We are living in the “Information Age,” characterized by the gathering and nearly instantaneous transmission of vast amounts of information. Today’s current news doesn’t just encapsulate what is happening around town, it covers events occurring all over the world. It includes information that exists and is available to us and for others to steal. If you haven't been staying informed on security news, you may not realize just how far-reaching card data threats are today. Rather than feel fear, however, you can take proactive steps to ensure you have secure credit card payment systems in place that can help protect your business from a breach.
If a data breach occurs, it is certainly concerning to the business affected, but it can be a little less worrisome if the business is using card data encryption to protect sensitive information. Encryption masks cardholder data from the time it is entered into the credit card payment system through the duration of the transaction. Essentially, if a thief gets a hold of your data, they cannot do anything with it because it appears as a string of useless characters. Encryption works to keep data in safe in transit, and can also reduce the scope of PCI compliance requirements for a merchant.
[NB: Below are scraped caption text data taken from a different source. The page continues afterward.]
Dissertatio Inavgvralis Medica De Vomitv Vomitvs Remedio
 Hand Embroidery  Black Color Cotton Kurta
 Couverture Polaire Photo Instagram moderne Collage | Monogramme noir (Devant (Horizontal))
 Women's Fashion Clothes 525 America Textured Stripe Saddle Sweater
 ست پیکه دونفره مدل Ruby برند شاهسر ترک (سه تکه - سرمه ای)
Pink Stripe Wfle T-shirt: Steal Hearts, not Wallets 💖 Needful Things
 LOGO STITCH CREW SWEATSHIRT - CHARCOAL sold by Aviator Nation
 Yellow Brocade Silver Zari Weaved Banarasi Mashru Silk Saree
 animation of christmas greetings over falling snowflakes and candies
While encryption safeguards data during payment authorization, tokenization keeps card data safe for post-authorization services such as tip adjustment, recurring payments, delayed shipping, and card-not-present voids and returns. In tokenization, the card data is replaced by a surrogate number, or token, which is used by the merchant’s POS system to complete the transaction. Because the card number is represented by a token, it has no value to would-be hackers. Like encryption, tokenization can simplify a merchant’s PCI validation efforts by potentially reducing the scope of PCI compliance requirements they need to meet.
You’ve likely heard a lot about EMV since the fraud chargeback liability shift took place on October 1, 2015. EMV chip cards contain a tiny chip that acts as the engine securing each payment transaction. Since they are nearly impossible to duplicate, EMV chip cards have proven to reduce card-present fraud in the countries that have adopted the technology. Although implementing EMV is not mandatory, not doing so will prevent you from enjoying other benefits this technology offers. In addition to reducing your risk of counterfeit, lost or stolen card fraud, EMV also paves the way to accept new mobile payment types consumers are using such as Apple Pay and Android Pay.